[Records to use]:

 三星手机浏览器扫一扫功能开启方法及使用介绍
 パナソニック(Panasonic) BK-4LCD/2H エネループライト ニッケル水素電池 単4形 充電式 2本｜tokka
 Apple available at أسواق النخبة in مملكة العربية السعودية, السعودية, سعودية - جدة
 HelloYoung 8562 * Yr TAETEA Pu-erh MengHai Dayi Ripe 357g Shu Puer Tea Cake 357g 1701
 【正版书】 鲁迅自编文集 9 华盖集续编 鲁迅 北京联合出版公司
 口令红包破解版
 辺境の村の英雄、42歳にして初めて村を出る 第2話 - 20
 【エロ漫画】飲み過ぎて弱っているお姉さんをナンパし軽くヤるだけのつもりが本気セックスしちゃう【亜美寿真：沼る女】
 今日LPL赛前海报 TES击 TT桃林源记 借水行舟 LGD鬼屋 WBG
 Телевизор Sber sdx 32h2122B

[Problem description]: Output every line of the listing word for word.

[Task answer]:
 三星手机浏览器扫一扫功能开启方法及使用介绍
 パナソニック(Panasonic) BK-4LCD/2H エネループライト ニッケル水素電池 単4形 充電式 2本｜tokka
 Apple available at أسواق النخبة in مملكة العربية السعودية, السعودية, سعودية - جدة
 HelloYoung 8562 * Yr TAETEA Pu-erh MengHai Dayi Ripe 357g Shu Puer Tea Cake 357g 1701
 【正版书】 鲁迅自编文集 9 华盖集续编 鲁迅 北京联合出版公司
 口令红包破解版
 辺境の村の英雄、42歳にして初めて村を出る 第2話 - 20
 【エロ漫画】飲み過ぎて弱っているお姉さんをナンパし軽くヤるだけのつもりが本気セックスしちゃう【亜美寿真：沼る女】
 今日LPL赛前海报 TES击 TT桃林源记 借水行舟 LGD鬼屋 WBG
 Телевизор Sber sdx 32h2122B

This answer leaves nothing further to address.